8 of 8 thought this review was well written
Paradise Lost is one of those bands that provoke many arguments among the metal community. Having a lasting career of nearly 25 years this British quintet was one of the first bands to play a slower, grimmer version of death metal that became known quite simply as death-doom. Paradise Lost is also often credited as the oldest band in the so-called Unholy Trinity of British doom metal bands (the other two being My Dying Bride and Anathema). But as time went one, the band explored different methods and adopted various styles, and those changes weren’t always welcomed by certain parts of fan-base.
Paradise Lost’s first album that was titled rather unsurprisingly “Lost Paradise” was an exercise of playing death metal at a slower pace and was not a big success at that.
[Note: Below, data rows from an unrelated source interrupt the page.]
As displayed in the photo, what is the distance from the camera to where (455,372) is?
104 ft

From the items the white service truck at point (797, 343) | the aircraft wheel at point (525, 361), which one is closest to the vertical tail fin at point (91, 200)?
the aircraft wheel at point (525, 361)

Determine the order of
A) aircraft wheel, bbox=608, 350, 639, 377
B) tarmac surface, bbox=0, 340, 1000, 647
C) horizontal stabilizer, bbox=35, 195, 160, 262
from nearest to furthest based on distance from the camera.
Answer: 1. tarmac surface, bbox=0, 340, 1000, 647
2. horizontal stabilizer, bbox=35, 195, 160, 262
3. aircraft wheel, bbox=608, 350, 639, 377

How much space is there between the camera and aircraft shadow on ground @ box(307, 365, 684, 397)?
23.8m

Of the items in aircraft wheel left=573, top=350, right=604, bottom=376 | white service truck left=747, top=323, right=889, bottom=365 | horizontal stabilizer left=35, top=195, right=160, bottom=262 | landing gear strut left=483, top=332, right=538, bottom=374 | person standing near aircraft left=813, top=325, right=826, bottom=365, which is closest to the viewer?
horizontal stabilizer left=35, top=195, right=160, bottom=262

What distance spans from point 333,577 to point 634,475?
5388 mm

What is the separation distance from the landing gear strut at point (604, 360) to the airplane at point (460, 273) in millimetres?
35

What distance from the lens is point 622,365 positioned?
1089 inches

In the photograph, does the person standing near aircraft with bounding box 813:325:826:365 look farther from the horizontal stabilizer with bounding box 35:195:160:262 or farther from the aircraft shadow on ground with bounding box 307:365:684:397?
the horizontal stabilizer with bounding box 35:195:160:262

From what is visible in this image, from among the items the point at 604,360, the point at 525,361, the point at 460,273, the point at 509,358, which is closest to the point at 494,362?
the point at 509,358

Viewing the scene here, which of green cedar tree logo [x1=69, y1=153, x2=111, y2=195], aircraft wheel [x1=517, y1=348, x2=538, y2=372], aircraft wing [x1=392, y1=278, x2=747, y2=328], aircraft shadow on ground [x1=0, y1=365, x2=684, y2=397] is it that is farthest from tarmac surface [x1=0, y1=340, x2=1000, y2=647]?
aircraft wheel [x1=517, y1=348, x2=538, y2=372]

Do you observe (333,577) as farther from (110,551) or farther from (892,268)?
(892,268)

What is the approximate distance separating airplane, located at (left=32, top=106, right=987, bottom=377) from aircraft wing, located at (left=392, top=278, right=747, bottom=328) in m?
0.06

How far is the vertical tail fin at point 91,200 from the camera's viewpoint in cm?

It did have a certain dark, empty feel to it, but was ultimately creatively narrow and, ironically, lost in itself, because there’s only so much entertainment you can squeeze out of a long repetitive record of homogeneous heavy music at low tempo. Although the record and continuous live sets were crucial for creating the core fan-base for the band, “Lost Paradise” is more of a historical monument than an actual musical journey.
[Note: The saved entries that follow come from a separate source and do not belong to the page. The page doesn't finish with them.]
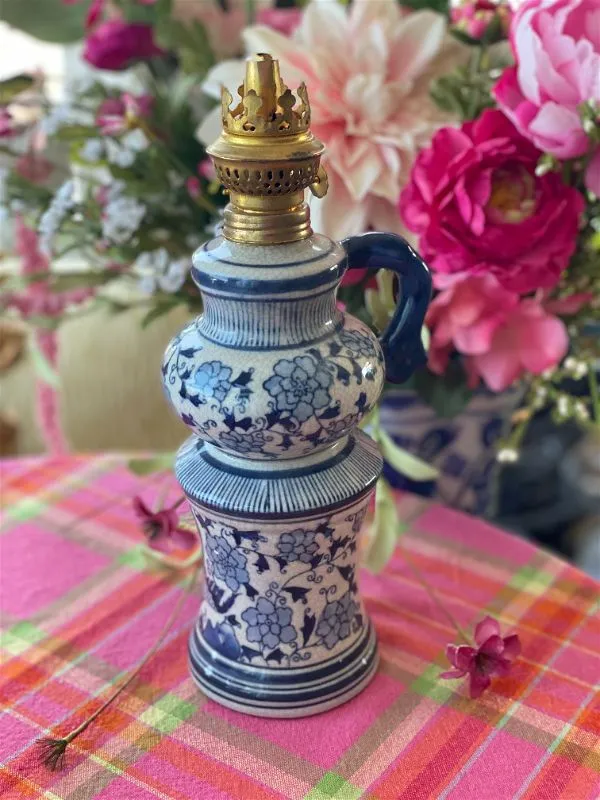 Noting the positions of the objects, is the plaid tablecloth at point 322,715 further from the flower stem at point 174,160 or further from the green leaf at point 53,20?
the green leaf at point 53,20

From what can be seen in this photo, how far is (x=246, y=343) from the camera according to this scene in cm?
49

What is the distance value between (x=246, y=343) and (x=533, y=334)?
271 millimetres

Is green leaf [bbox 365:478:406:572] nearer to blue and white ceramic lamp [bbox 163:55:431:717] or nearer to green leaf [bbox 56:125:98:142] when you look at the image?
blue and white ceramic lamp [bbox 163:55:431:717]

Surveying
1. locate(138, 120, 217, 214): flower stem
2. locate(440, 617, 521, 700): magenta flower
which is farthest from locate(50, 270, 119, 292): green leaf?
locate(440, 617, 521, 700): magenta flower

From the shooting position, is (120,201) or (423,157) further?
(120,201)

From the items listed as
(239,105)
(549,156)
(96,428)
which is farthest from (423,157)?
(96,428)

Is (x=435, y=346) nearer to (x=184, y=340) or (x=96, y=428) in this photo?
(x=184, y=340)

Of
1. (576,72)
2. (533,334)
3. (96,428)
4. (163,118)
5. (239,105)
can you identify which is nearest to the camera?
(239,105)

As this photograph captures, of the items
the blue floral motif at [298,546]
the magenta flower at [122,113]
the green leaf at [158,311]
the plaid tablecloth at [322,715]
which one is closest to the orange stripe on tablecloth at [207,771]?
the plaid tablecloth at [322,715]

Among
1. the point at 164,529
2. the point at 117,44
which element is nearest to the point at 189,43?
the point at 117,44

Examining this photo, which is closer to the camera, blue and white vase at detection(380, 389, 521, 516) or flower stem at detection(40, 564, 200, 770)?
flower stem at detection(40, 564, 200, 770)

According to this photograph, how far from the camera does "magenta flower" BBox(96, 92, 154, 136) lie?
0.70 meters

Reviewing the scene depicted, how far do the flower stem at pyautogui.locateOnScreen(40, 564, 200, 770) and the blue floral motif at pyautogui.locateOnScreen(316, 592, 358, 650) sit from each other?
0.12 metres

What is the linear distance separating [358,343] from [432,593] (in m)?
0.24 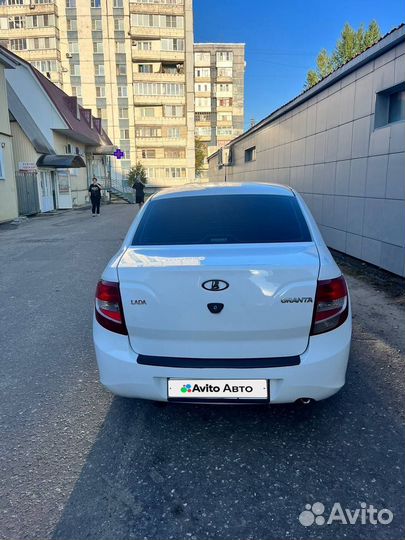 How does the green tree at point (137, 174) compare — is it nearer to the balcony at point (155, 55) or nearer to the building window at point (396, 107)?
the balcony at point (155, 55)

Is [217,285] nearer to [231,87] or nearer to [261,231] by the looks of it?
[261,231]

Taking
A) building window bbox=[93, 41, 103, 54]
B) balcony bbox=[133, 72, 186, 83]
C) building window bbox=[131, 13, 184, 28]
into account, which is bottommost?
balcony bbox=[133, 72, 186, 83]

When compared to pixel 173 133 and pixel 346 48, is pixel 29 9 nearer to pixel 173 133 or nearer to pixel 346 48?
pixel 173 133

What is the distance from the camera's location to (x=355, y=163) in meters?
7.95

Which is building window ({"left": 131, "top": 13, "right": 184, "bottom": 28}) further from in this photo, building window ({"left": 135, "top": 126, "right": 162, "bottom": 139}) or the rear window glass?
the rear window glass

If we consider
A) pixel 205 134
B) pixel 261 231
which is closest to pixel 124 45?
pixel 205 134

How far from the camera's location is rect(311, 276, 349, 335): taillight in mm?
2363

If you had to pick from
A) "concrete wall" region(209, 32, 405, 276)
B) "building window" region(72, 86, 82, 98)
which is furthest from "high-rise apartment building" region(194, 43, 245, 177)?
"concrete wall" region(209, 32, 405, 276)

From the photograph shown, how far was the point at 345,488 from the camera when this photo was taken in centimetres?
220

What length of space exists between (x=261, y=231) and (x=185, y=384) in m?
1.30

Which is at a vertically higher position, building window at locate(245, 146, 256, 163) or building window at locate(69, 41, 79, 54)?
building window at locate(69, 41, 79, 54)

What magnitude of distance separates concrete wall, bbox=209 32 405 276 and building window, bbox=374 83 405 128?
0.09m

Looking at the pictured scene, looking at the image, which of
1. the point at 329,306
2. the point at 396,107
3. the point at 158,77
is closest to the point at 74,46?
the point at 158,77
”Gothic” is where glimpses of melody-making talent begin to show. Only glimpses for now – Paradise Lost were yet about to explore the art of combining the ugly and the beautiful – but they are present nonetheless. For better or worse those hints are sparse and for the most part the album consists of the same slowed-down death metal but now it is executed in a more intelligent way. The production, while definitely topping “Lost Paradise”, is still quite sub-par but is does somewhat enhance the atmosphere of the record. And melodic leads (courtesy of Greg Mackintosh), that pierce the record here and there, is largely what makes this record worth listening.
What also makes the record worth the time is Nick Holmes’ legendary back-in-the-day growl. Holmes has been gradually making his singing less and less aggressive over the years, explaining once in an interview that extensive growling was damaging his voice – and, evidently, his throat is much more tender than that of, say, Corpsegrinder Fisher. Only in recent years Holmes started incorporating shades of brutality in his singing again. But on “Gothic” Nick’s growls run galore – deep, menacing and definitely pissed of.
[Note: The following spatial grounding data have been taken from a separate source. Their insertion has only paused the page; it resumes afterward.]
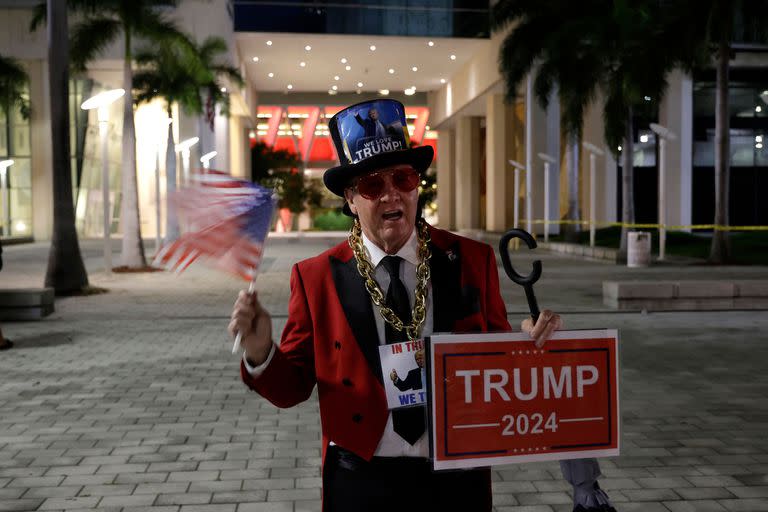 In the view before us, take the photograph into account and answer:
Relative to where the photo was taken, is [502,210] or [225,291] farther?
[502,210]

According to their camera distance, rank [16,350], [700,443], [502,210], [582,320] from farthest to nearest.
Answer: [502,210]
[582,320]
[16,350]
[700,443]

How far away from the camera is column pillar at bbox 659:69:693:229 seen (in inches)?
1725

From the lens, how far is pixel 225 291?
17.3 meters

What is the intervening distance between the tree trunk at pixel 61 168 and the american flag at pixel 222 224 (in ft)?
48.1

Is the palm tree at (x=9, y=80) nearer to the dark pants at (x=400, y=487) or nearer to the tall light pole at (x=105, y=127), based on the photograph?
the tall light pole at (x=105, y=127)

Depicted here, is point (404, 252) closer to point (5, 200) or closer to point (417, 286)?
point (417, 286)

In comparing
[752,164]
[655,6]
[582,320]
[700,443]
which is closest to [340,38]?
[655,6]

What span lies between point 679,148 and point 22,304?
37.6 metres

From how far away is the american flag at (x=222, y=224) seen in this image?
6.92 ft

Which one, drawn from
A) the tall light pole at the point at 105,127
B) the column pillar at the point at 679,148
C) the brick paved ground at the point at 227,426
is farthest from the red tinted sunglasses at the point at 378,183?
the column pillar at the point at 679,148

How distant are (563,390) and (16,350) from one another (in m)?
8.90

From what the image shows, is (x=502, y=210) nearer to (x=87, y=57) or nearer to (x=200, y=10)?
(x=200, y=10)

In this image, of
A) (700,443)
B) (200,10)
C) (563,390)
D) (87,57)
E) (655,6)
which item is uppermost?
(200,10)

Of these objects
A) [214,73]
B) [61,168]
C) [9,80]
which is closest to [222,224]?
[61,168]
Being perfectly honest about the aforementioned “glimpses” of melodic greatness, this record only has two tracks that really show the band’s songwriting potential. Those are the title track and “The Painless”. Both are beautifully written emotional compositions that combine just the right amount of the ugly and the beautiful to make the whole thing work. Mackintosh leads are top of their game here; and both tracks employ female vocals, providing a stark contrast to Holmes’ desperate growl. There are some keyboards as well, and this extra layer of gothic sauce makes the two tracks a real pleasure to listen to. However, the rest of the album is really just more of the same old-school death-doom, with some little touches on several tracks to spice things up, and overal the material is more interesting than that on the debut.
Often hailed by metal purists as one of Paradise Lost’s crowning achievements, “Gothic” is, in my opinion, just another step to the bright future that would come a few years later. Take it for what it is and try to avoid the hype.